Dunkin' Donates?

Slipping in under the midnight wire to the newly re-established Bow Street Dunkin’ Donuts, that glittering beacon of inexpensive (and
By Brian Feinstein

Slipping in under the midnight wire to the newly re-established Bow Street Dunkin’ Donuts, that glittering beacon of inexpensive (and occasionally stale) caffeinated products and baked goods, a late-night customer is immediately struck by the ample stock of untouched muffins and doughnuts, getting staler by the minute under the heat lamps.

Knowing that Au Bon Pain, the other local provider of stale mass-produced muffins and coffee, often donates its leftover pastries to volunteers from the Harvard Square Homeless Shelter and other organizations, an inquiring consumer had to know: whither the Dunkin’ Donuts once the fluorescent lights click off?

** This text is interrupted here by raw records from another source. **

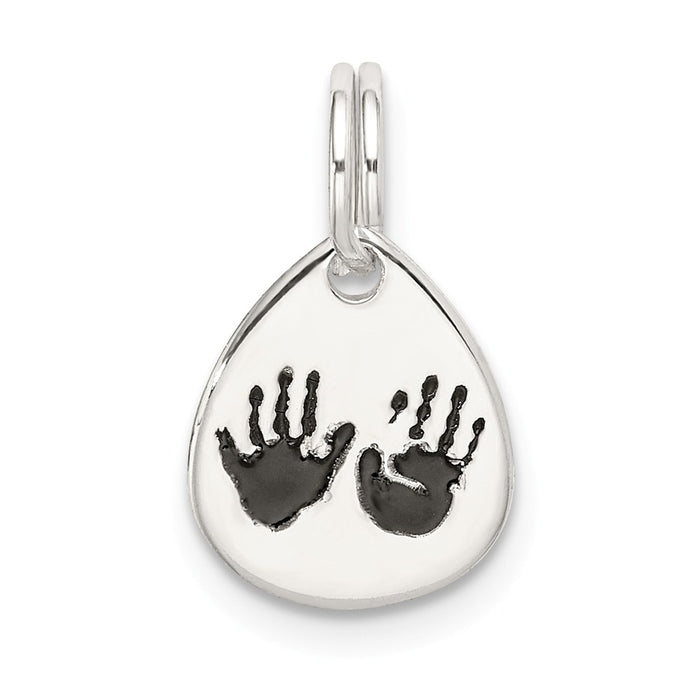 Million Charms 925 Sterling Silver Enameled Hand Print Charm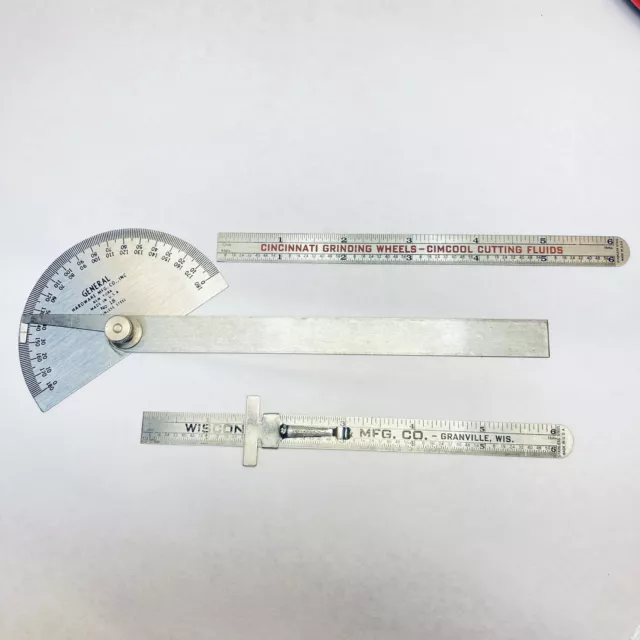 Protractor General Tool No.18 Round Head Stainless Steel & (2) 6" Rules - Lot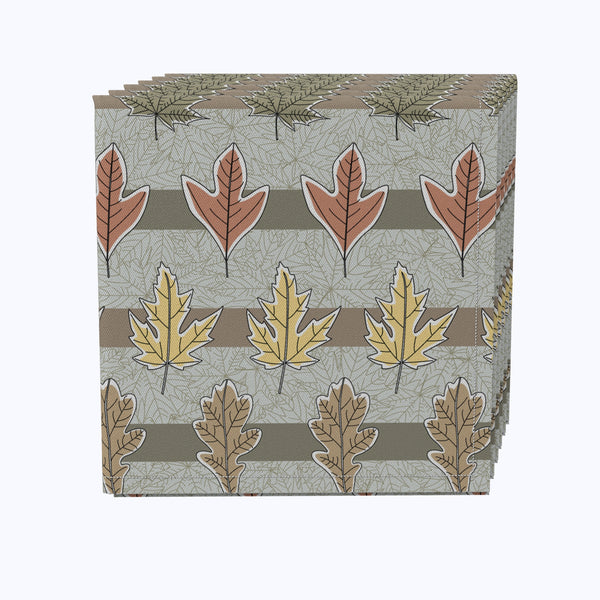 Fall Leaves in Stripes Cotton Napkins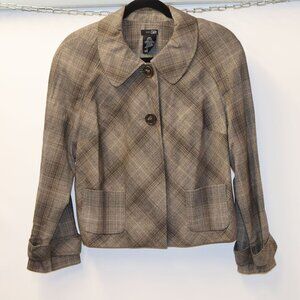East 5th Womens Plaid Jacket Beige/Brown Button Front Size 12P Petite Polyester/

An inquiring mind was soon disappointed.

At the Bow Street location, everything goes in the trash. According to Dunkin’ Donuts PR rep Louise, who refused to give her last name, company policy explicitly forbids franchise owners from donating surplus food items. “If we don’t think it’s fit enough to sell to our paying customers,” she explains, “then we don’t want to insult people with food that we would throw away otherwise. And it’s not something that we would donate to people.”